Мне разрешили некоторое время отдохнуть в кровати, без утренних служб и школы. Сибил и Леонтин переполошились, носились, как куропатки, и не знали, что делать. Они дали мне блокнот, чтобы я писала в нем все, что захочу:
— Раз ты теперь умеешь писать, то можешь пользоваться им…
Предполагалось, что брат кюре будет навещать меня после полудня, чтобы мне было не так одиноко, пока они ведут занятия в школе.
Мне потребовалось много времени, чтобы открыть блокнот и короткими фразами описать все, что я пережила. На это у меня ушло немало страниц…
«Я ушла по мосту… Волки кормили меня… Марек умер, он просил не забыть… я искала родителей в Варшаве… Миша дал мне нож…»

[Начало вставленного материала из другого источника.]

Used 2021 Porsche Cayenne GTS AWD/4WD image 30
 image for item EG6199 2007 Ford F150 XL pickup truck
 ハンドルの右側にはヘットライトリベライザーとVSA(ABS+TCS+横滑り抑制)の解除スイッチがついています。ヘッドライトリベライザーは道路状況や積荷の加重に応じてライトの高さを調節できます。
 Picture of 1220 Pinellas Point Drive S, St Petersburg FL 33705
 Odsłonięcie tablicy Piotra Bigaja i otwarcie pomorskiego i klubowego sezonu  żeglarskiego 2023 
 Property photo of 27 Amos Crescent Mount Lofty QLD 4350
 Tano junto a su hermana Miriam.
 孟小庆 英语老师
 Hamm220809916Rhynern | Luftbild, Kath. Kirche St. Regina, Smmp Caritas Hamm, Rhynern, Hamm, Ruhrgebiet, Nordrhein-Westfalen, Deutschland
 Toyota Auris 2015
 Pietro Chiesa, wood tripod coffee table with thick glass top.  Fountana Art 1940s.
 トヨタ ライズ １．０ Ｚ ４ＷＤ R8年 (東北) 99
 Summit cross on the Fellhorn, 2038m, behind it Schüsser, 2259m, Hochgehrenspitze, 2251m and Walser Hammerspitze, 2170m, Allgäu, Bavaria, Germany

В рассказ, который пока давался мне с большим трудом, я вставляла моменты из того времени, что провела, будучи заточенной в этом доме. Рассуждения о музыке, которой Леонтин хотела меня обучить, о географии, о которой я уже знала, причем совсем не то, что преподают в школе. Единственный любопытный случай, на мой взгляд не представлявший большого интереса, стоил мне этого блокнота.
«Брат кюре считает, что у меня красивые зубы и очаровательный губы, он гладит мои плечи, говорит, что у меня округлая грудь, и ему это нравится!»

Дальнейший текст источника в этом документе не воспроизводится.